Sunday, February 14, 2016

Feb 15-21

Can't believe I forgot to include Ash Wednesday last week. For some reason, it remains one of the church’s most well-attended feast days. Which is kind of funny, as it’s not a holy day of obligation. In other words, no one has to go. 

Always wondered why this feast day was so popular. Do people think it’s obligatory? Do they like that visual symbol of their faith? Are they really into Lent? Did they just party way too hard on Mardi Gras? 

#10  John Pibush (Feb 18)

I’m hoping this is pronounced “pie bush,” but I really have no idea.

Poor John is only a beatus. That means he’s referred to, not as St., but as The Blessed. In other words, he’s one step away from real, honest sainthood. 

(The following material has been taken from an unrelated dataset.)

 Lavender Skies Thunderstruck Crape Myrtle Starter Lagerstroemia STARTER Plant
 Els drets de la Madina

And that’s quite a common thing for British Catholic martyrs from the Reformation era. The typical story is of a young man who studied for the priesthood in France, came back to England, was found out, was convicted of the “crime of priesthood,” and was then executed in some terrible fashion. Except for a small handful of them, though, these poor fellows almost never quite make it to saint.

#9  Claude de la Colombiere (Feb 15)
Patronage: toy makers

But why he’s the patron saint of toy makers is the question … Honestly, I couldn’t find a thing (and neither, it seems, could anyone else).
What we do know about Claude is that he lived in 17th Century France, was a Jesuit, and was noted for his devotion to the Sacred Heart. As far as I can tell, he never even played with a toy – even as a child.
#8  Conrad of Piacenza (Feb 19)
Patronage:  Against hernias

I understand Conrad’s representation was of a Franciscan, turning his head to the left and coughing.

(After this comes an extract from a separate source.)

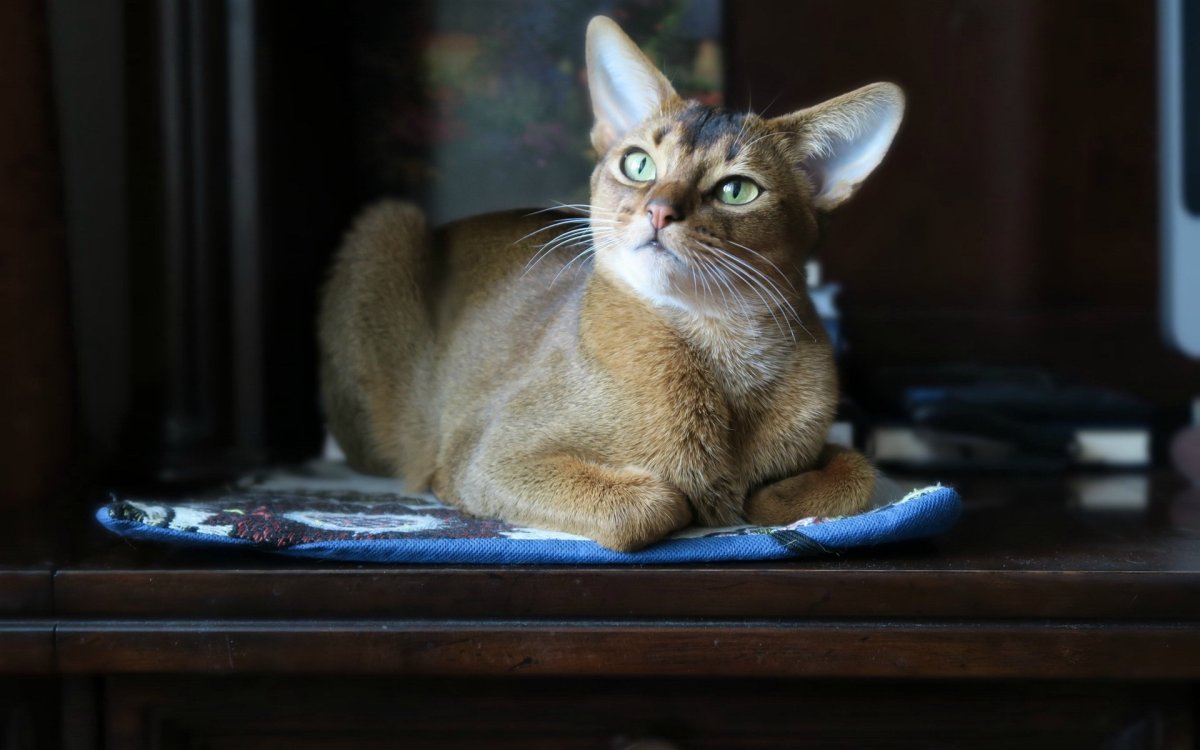 Абиссинская кошка полосатая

Sorry about that. A couple of Conrad’s miracles, though, did indeed involve the curing of that unfortunate affliction. He’s also known for “The Miracle of the Bread,” where he personally fed much of famine-ravaged Sicily (all you had to do is show at his door, and he’d hand you a loaf).

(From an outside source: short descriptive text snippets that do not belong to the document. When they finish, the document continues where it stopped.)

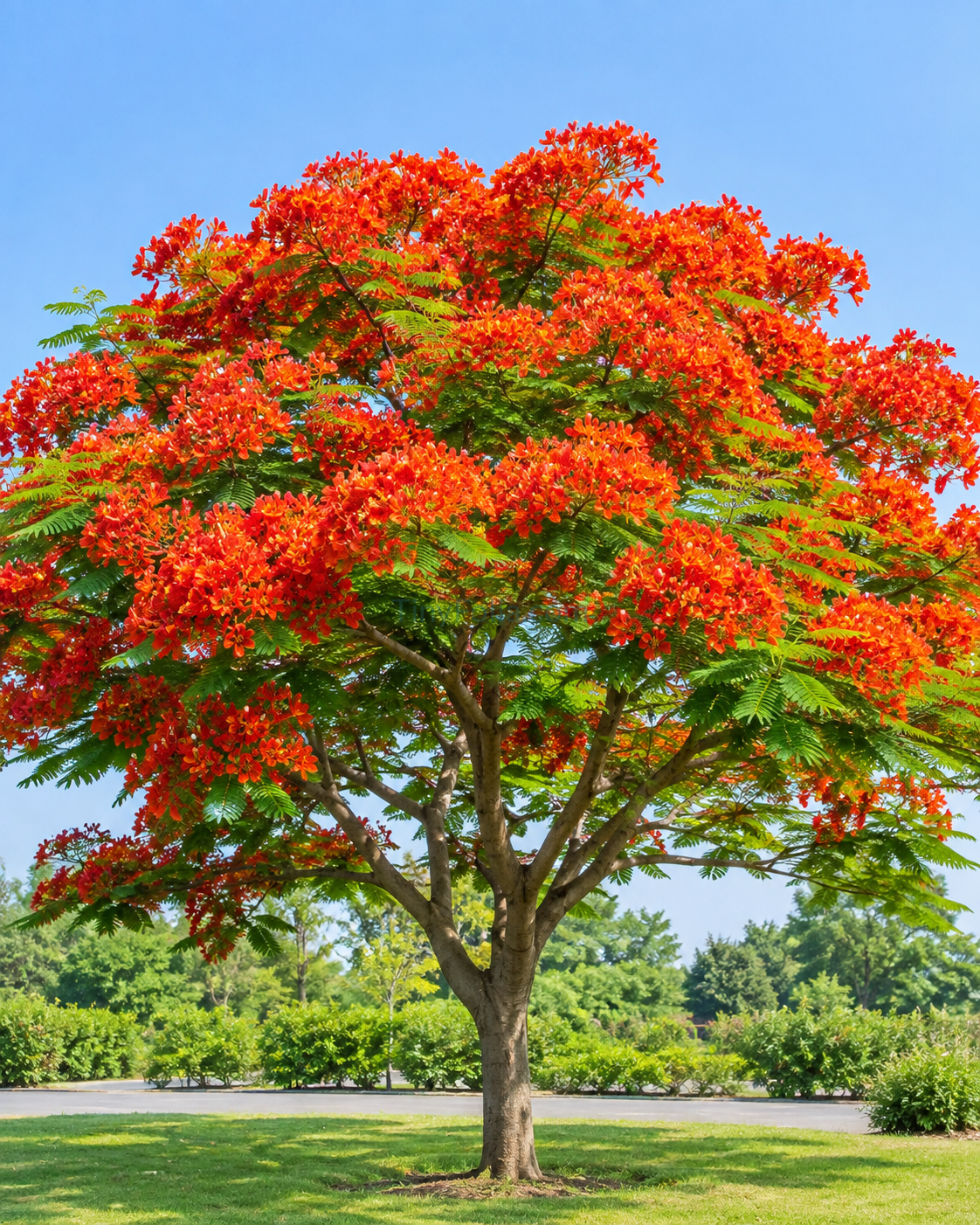 Gulmohar ( گل مہر ) Delonix regia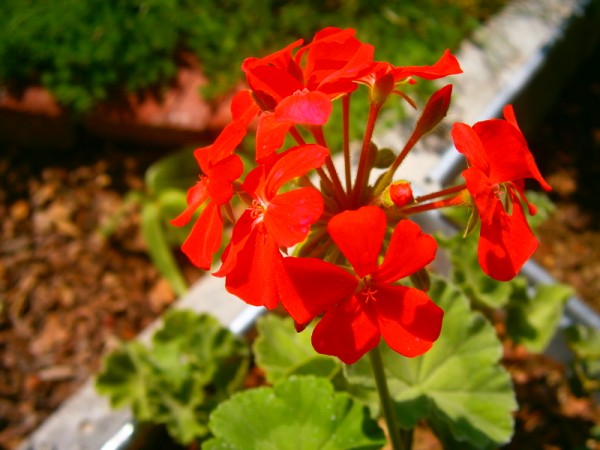 Name:  Esin.jpg
Views: 902
Size:  61.6 KB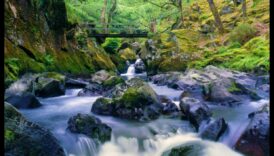 جوهر الحياة الريفية: مناظر ريفية خلابة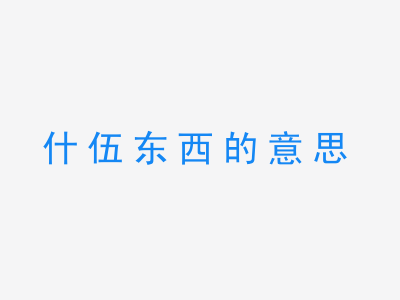 成语什伍东西的意思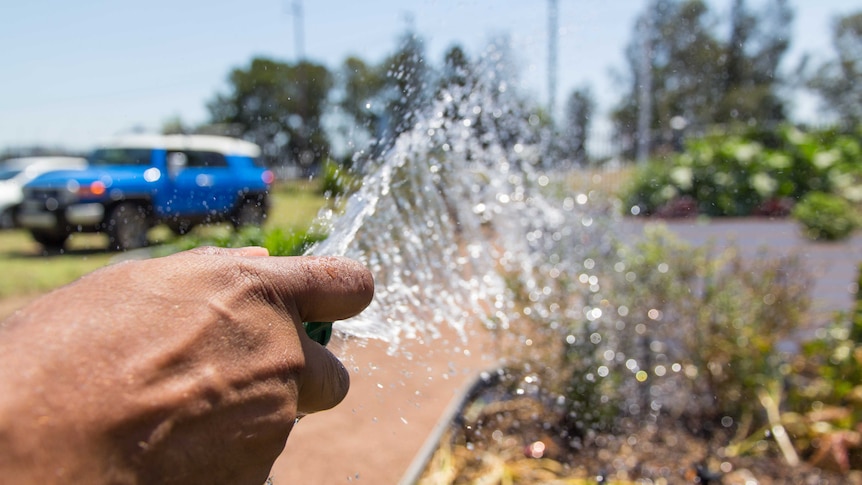 Water sprays from a hose onto a garden.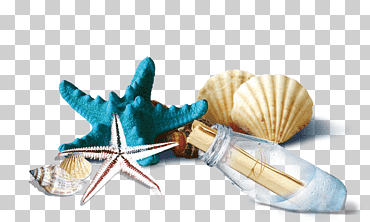 Estrellas de mar azules y blancas, botella de concha, conchas y botellas de estrellas de mar., playa, animales, botella de plástico png
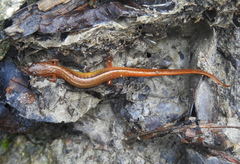 Eurycea wilderae
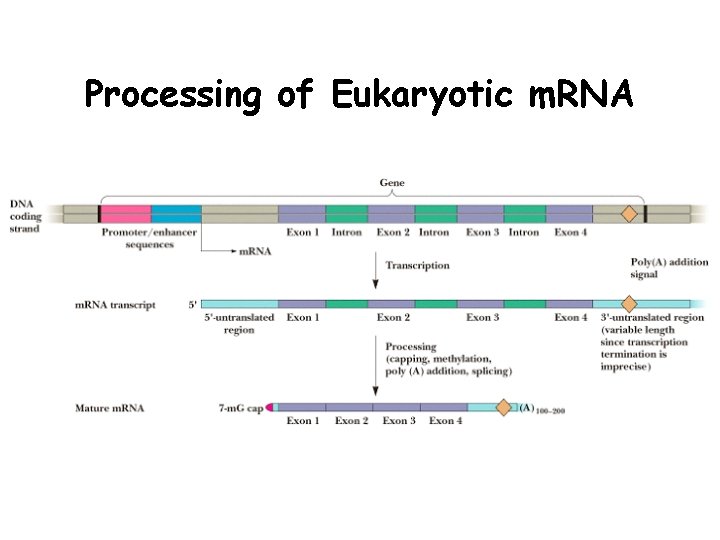Processing of Eukaryotic m. RNA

I’m not sure what it is, but you can buy it on Etsy

Conrad was born Corrado Confalonieri, into a noble family in 13th Century Italy. There’s an interesting story about how he became a monk and hermit:

One day, as he was engaged in his usual pastime of hunting within his family's domain, he ordered his attendants to set fire to some brushwood in which game had taken refuge. The prevailing wind caused the flames to spread rapidly to the surrounding fields and forest. A peasant who happened to be found near where the fire began was accused of starting the blaze and was imprisoned, tortured to confess, and condemned to death. As the man was being led to execution, a remorseful Conrad publicly admitted his guilt to the Signoria of the city. As punishment and reparation for the damages he had caused, the city seized all his assets, only sparing his life due to his noble status. (Wikipedia)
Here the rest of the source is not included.